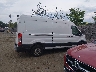 1FTYE2CM1KK****** Usados 2019 Ford Transit-150 en Estado de Massachusetts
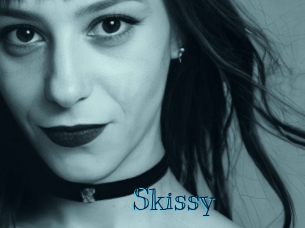 Skissy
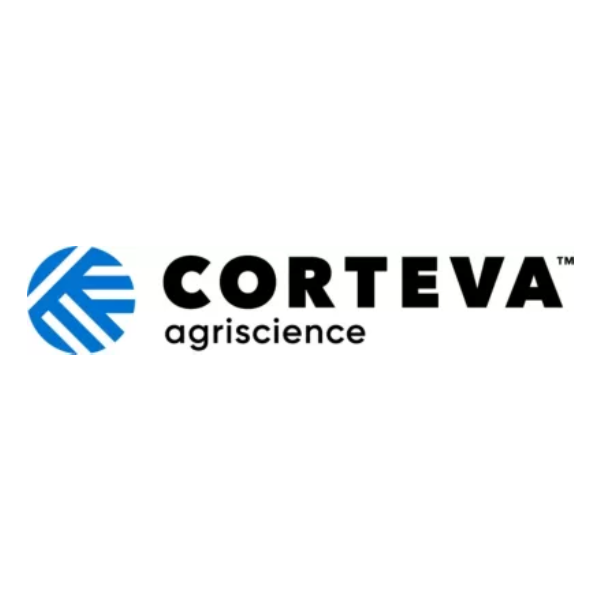 corteva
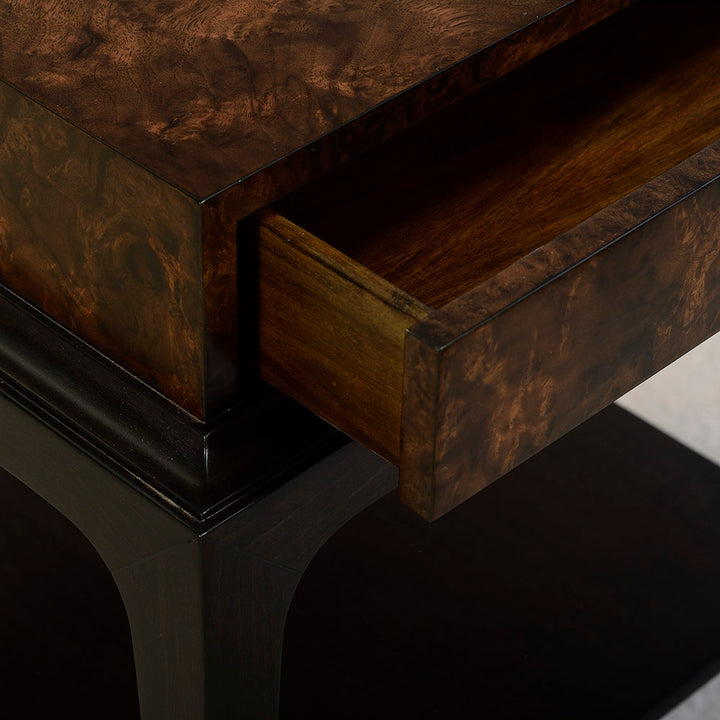 Lafayette Side Table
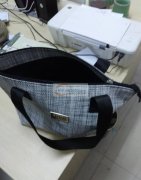 6000个包外发加工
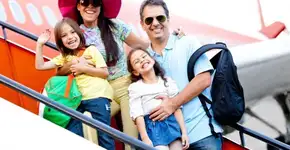 Foto: (Imagem sem texto alternativo disponivel ID [352558])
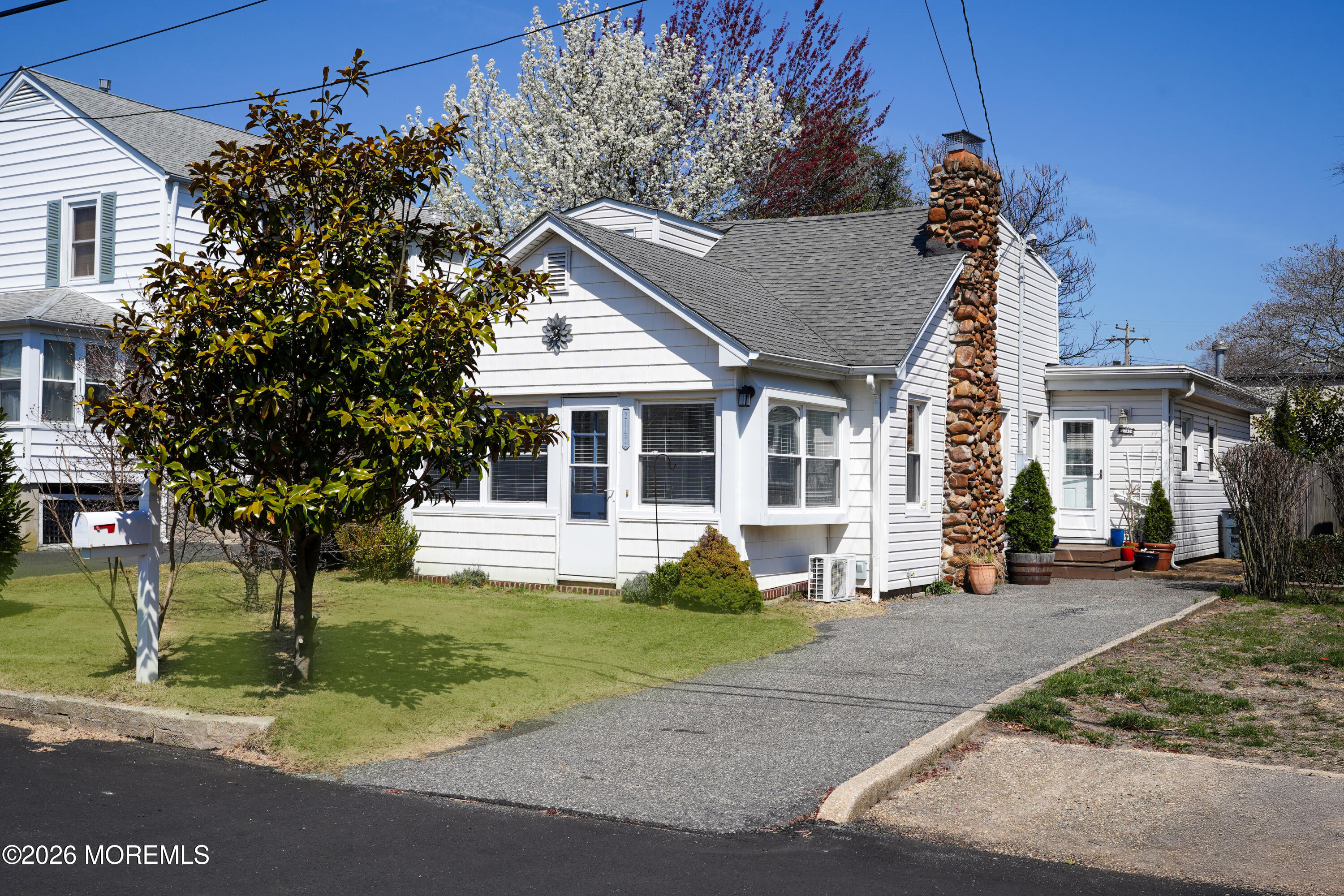 2147 Beach Boulevard Point Pleasant NJ 08742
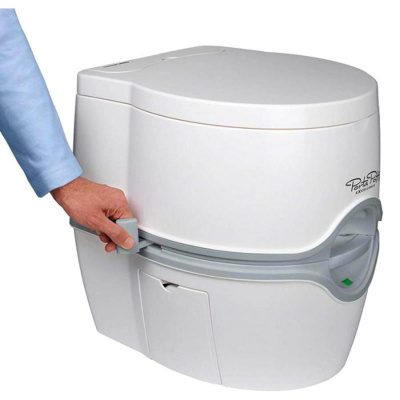 Биотуалет Porta Potti 565 E
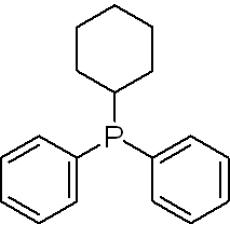 ZC805565 二苯基环己基膦, 98%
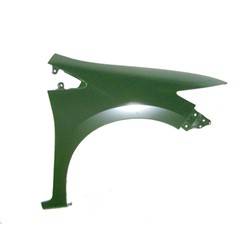 LKQ - '10-'14 Honda Insight Passenger Side Front Fender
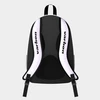 Varlion Textile Varlion Summum Backpack Orquidea 2025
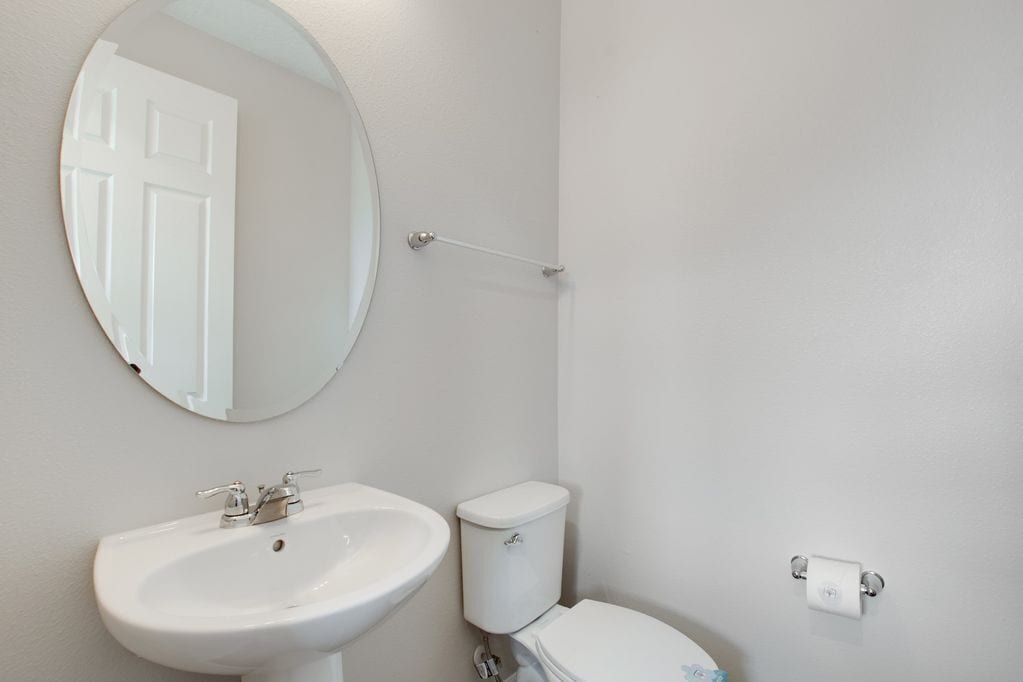 bsv_villa1841 | Photo 16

——————

→ **REQUIRED WORK**:
All of the listing should be transcribed exactly, but none of its images.

→ **RESULT**:
 1FTYE2CM1KK****** Usados 2019 Ford Transit-150 en Estado de Massachusetts
 Skissy
 corteva
 Lafayette Side Table
 6000个包外发加工
 Foto: (Imagem sem texto alternativo disponivel ID [352558])
 2147 Beach Boulevard Point Pleasant NJ 08742
 Биотуалет Porta Potti 565 E
 ZC805565 二苯基环己基膦, 98%
 LKQ - '10-'14 Honda Insight Passenger Side Front Fender
 Varlion Textile Varlion Summum Backpack Orquidea 2025
 bsv_villa1841 | Photo 16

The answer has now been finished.